(Items from a data source)
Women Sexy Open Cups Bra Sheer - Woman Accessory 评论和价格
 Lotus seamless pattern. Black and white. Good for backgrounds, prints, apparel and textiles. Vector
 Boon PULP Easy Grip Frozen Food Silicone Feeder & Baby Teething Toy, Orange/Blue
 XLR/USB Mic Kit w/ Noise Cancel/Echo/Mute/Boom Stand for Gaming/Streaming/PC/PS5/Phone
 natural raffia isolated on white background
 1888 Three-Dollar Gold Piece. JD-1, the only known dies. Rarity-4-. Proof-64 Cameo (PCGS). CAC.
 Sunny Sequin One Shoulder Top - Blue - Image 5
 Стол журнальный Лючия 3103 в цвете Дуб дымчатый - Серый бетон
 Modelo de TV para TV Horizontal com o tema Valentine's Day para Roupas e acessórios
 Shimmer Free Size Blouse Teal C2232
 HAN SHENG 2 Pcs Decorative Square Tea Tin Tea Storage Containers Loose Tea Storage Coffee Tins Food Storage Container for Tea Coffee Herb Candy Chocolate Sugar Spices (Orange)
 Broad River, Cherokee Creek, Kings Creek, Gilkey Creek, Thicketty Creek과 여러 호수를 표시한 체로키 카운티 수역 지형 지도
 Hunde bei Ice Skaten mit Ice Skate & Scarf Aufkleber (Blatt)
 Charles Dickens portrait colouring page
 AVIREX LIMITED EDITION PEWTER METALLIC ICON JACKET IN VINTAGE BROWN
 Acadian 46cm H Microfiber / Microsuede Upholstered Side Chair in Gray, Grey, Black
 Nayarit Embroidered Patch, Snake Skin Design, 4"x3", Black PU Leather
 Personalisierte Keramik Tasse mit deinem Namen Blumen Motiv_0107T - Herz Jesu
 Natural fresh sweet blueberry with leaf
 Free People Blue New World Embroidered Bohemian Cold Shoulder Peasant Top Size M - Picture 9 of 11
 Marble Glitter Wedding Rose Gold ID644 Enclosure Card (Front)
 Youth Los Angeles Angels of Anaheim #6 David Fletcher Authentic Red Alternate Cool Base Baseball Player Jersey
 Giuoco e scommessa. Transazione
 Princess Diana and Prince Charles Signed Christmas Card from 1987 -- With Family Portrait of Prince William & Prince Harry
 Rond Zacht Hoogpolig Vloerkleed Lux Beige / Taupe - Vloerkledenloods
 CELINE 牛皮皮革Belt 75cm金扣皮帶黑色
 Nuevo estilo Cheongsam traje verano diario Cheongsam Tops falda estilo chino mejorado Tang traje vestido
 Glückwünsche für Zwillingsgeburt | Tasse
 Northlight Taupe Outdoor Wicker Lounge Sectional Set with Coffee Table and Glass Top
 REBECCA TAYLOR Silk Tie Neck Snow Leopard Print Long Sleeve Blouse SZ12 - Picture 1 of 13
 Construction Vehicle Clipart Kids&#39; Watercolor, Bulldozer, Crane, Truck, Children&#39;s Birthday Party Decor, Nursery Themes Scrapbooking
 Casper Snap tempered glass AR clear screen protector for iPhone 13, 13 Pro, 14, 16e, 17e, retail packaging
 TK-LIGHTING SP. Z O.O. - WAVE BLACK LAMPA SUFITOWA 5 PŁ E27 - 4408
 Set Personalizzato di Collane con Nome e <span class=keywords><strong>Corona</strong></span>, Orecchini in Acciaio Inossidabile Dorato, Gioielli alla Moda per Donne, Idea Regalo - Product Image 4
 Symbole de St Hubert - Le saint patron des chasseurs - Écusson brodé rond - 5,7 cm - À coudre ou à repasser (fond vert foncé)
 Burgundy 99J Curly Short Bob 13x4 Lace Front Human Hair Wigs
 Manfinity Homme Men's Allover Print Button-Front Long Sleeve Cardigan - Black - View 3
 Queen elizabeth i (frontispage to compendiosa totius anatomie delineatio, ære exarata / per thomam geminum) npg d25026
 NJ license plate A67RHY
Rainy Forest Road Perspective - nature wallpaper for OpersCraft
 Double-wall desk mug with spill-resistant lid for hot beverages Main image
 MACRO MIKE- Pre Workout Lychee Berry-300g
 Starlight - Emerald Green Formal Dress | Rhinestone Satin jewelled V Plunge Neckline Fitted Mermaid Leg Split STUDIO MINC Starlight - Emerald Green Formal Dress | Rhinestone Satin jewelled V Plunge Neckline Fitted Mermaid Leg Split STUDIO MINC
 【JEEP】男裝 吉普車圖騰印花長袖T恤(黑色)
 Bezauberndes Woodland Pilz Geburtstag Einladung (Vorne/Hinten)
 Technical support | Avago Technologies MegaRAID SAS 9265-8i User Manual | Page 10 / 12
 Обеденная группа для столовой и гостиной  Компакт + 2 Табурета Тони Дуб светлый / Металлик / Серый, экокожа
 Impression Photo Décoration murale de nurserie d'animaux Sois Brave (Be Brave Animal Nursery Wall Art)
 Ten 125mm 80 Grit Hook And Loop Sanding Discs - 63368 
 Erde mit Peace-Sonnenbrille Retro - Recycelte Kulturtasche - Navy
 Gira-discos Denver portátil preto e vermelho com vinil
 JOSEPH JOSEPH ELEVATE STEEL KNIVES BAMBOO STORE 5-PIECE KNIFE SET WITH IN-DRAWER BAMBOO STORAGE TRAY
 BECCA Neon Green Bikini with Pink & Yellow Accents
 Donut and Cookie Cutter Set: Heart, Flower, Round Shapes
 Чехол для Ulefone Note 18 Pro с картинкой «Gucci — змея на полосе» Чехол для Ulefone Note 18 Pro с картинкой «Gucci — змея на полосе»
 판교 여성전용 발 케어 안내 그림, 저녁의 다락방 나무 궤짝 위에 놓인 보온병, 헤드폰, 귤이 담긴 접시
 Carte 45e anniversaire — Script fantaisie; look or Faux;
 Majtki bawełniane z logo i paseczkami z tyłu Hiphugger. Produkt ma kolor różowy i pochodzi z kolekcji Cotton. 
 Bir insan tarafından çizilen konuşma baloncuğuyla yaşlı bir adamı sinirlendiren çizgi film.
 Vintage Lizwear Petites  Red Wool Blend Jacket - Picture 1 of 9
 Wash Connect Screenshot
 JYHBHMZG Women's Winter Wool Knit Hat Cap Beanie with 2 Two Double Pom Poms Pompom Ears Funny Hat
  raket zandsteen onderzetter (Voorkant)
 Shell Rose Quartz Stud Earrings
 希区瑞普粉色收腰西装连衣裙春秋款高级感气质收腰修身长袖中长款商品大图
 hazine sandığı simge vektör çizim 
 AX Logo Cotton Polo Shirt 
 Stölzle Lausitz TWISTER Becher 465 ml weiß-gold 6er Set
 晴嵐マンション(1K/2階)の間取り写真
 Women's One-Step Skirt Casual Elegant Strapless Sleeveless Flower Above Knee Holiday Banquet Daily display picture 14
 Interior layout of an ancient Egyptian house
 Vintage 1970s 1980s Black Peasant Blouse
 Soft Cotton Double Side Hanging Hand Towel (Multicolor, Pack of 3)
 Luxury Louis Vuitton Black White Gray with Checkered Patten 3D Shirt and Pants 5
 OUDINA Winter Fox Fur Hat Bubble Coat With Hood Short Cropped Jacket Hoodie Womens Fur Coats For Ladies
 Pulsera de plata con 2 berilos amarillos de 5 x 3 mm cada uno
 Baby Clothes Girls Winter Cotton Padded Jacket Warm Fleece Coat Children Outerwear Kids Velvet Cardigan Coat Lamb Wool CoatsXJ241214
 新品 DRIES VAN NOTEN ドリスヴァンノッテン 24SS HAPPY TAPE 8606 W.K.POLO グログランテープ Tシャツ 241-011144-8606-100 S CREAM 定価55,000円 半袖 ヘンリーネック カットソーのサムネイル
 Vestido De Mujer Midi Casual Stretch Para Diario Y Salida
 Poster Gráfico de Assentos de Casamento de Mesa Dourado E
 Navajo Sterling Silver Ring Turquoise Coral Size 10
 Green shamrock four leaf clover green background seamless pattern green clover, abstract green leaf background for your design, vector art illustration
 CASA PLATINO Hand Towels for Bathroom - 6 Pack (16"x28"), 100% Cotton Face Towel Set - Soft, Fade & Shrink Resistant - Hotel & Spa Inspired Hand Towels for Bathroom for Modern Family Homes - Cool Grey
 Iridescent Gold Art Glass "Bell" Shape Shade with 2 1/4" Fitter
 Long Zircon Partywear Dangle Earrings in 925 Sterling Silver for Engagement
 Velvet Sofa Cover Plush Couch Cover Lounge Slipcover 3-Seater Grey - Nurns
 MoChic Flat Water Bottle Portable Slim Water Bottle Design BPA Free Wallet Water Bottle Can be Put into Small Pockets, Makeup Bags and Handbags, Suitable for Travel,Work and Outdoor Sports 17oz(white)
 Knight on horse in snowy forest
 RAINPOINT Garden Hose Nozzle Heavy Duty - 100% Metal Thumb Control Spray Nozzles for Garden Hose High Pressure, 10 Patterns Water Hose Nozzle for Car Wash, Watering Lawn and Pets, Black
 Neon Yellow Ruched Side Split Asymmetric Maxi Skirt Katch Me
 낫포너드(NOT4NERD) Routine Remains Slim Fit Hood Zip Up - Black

> _PROBLEM TO SOLVE_
In the lines above, find the word "Sterling" and copy each line that contains it.

> _ANSWER SECTION_
 Navajo Sterling Silver Ring Turquoise Coral Size 10
 Long Zircon Partywear Dangle Earrings in 925 Sterling Silver for Engagement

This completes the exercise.